*** Opening of Data excerpts ***
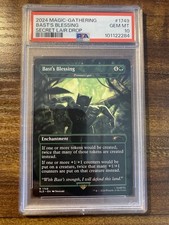 MTG✨BAST’S BLESSING (Primal Vigor)✨SLD X Black Panther PSA 10 RARE Enchantment picture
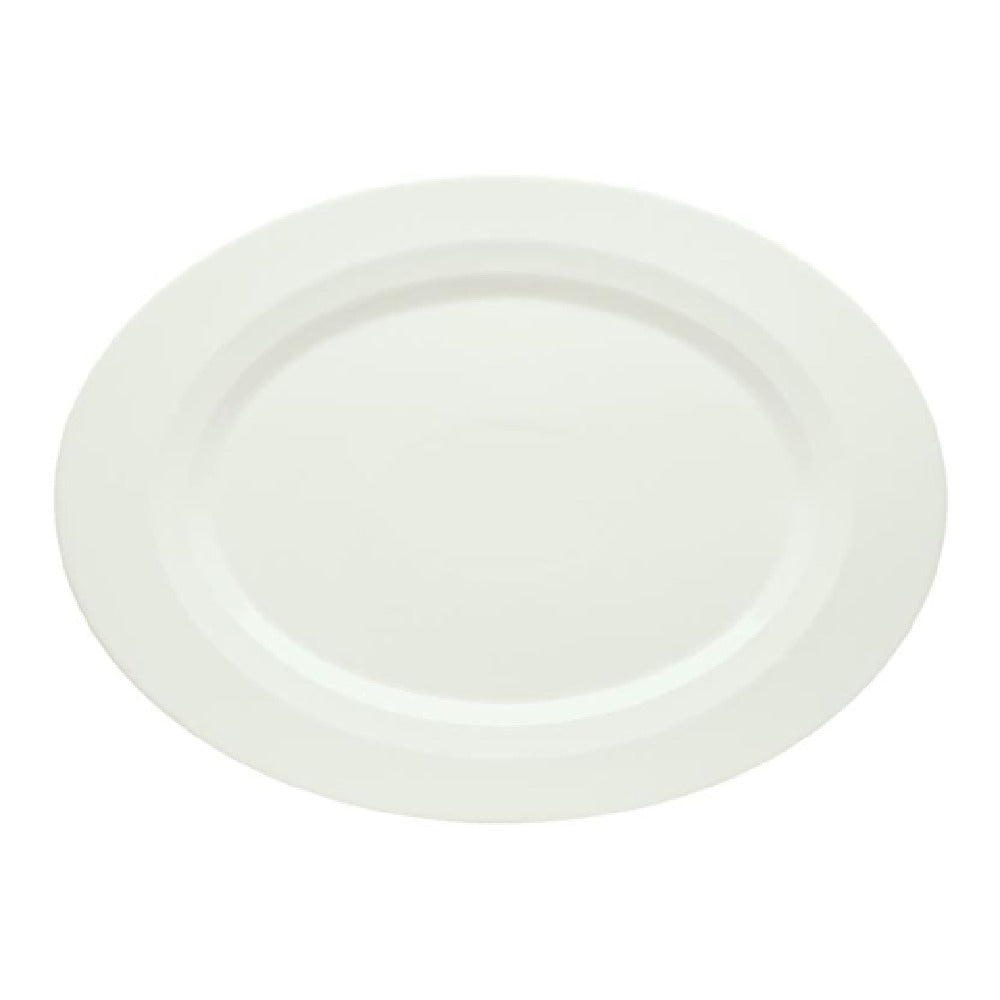 Libbey 9122034 (Formerly Syracuse China) Platter 13-3/8“ X 9-3/4" Oval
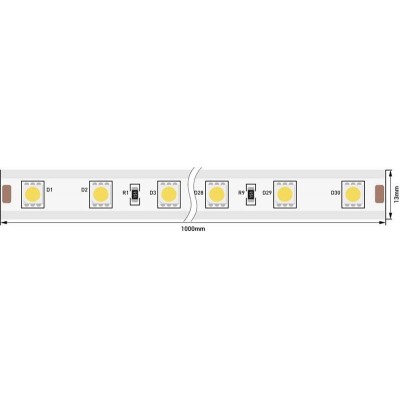 Светодиодная влагозащищенная лента SWG 14,4W/m 60LED/m 5050SMD желтый 50M 001444 - изображение 2 Светодиодная влагозащищенная лента SWG 14,4W/m 60LED/m 5050SMD желтый 50M 001444 - изображение 2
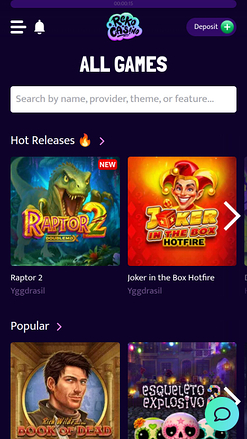 Jeux mobiles de Reko Casino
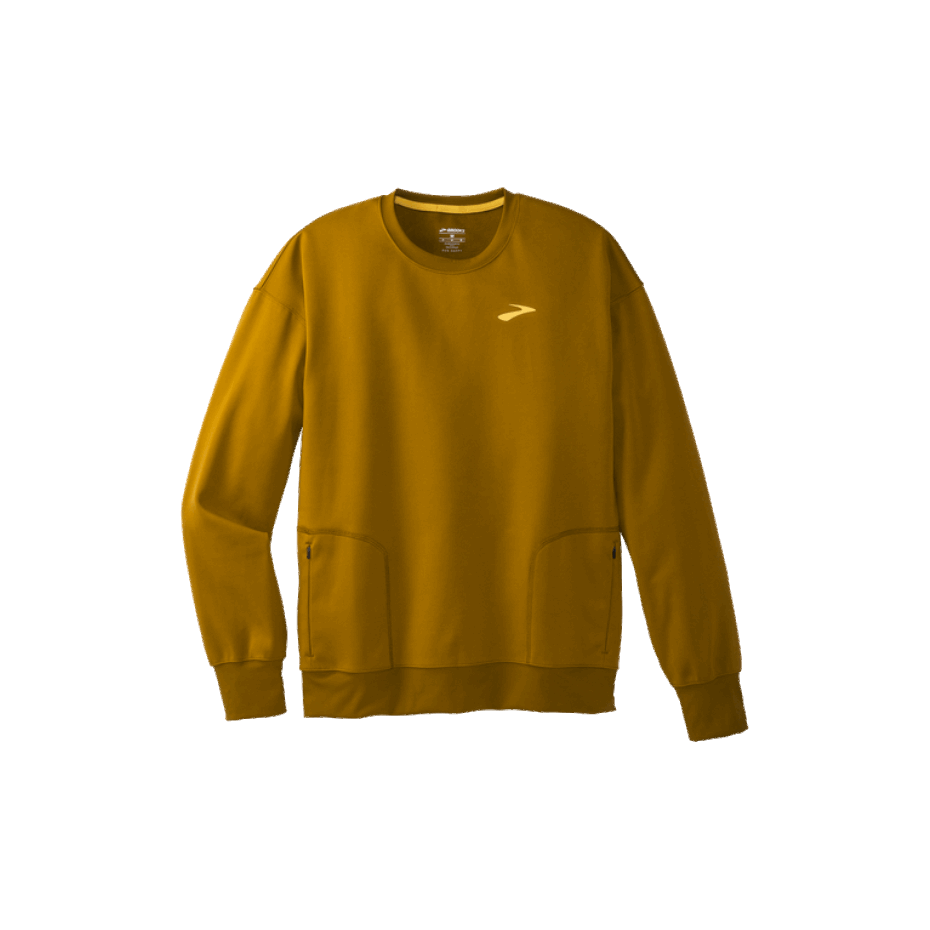Sudadera Brooks Run Within Mostaza Oscuro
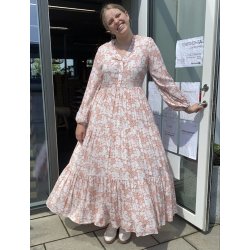 Maxi kjole koral flora - 100% viskose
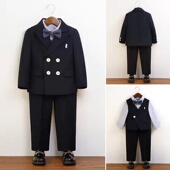 男童西装 帅气花童婚礼英伦周岁礼服男宝宝儿童西服男生日主持 套装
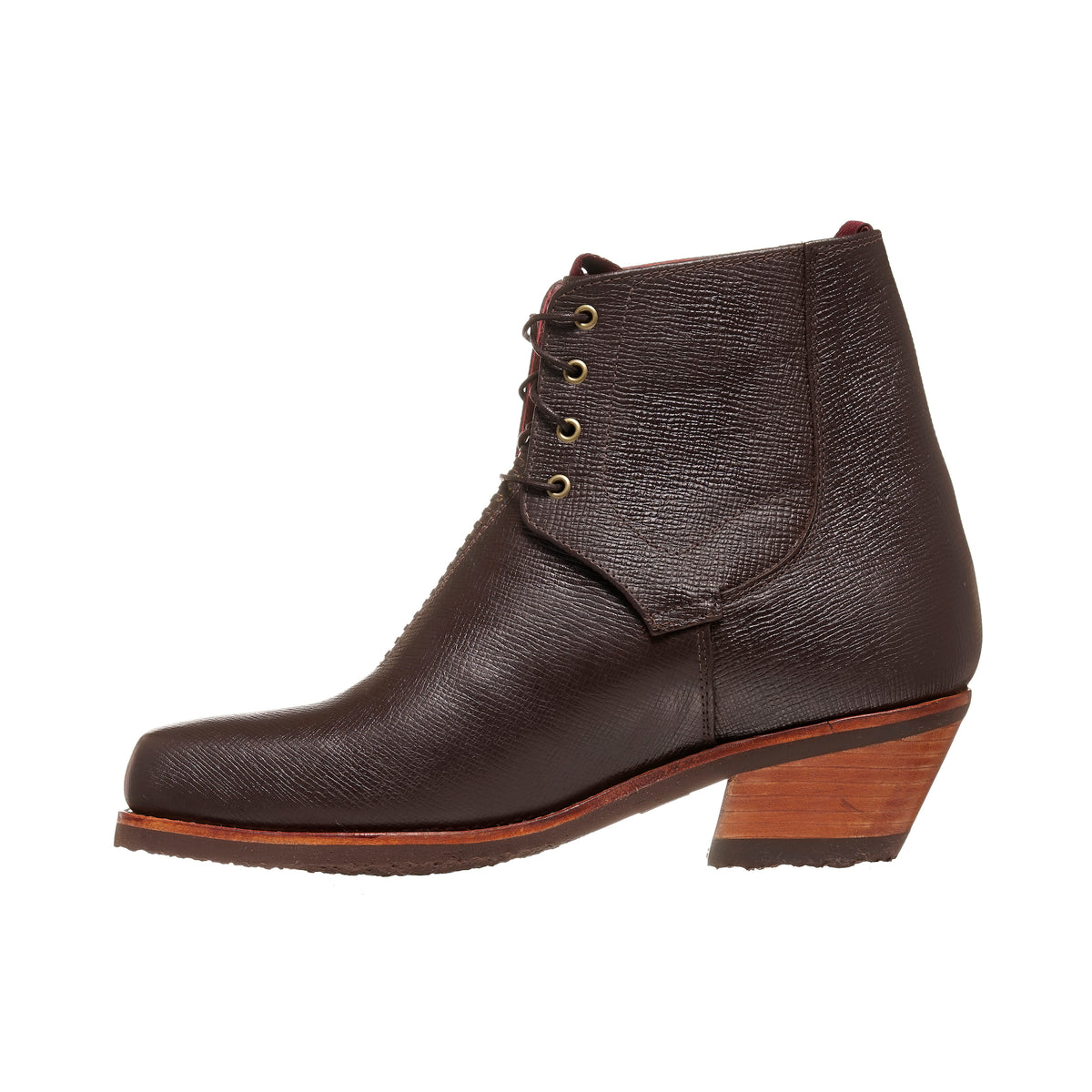 BOTIN CARDEMIL LISO CAFE MORO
*** Close of Data excerpts ***
Try it - Give the records back verbatim, pictures excluded.

Written response -
 MTG✨BAST’S BLESSING (Primal Vigor)✨SLD X Black Panther PSA 10 RARE Enchantment picture
 Libbey 9122034 (Formerly Syracuse China) Platter 13-3/8“ X 9-3/4" Oval
 Светодиодная влагозащищенная лента SWG 14,4W/m 60LED/m 5050SMD желтый 50M 001444 - изображение 2 Светодиодная влагозащищенная лента SWG 14,4W/m 60LED/m 5050SMD желтый 50M 001444 - изображение 2
 Jeux mobiles de Reko Casino
Sudadera Brooks Run Within Mostaza Oscuro
 Maxi kjole koral flora - 100% viskose
 男童西装 帅气花童婚礼英伦周岁礼服男宝宝儿童西服男生日主持 套装
 BOTIN CARDEMIL LISO CAFE MORO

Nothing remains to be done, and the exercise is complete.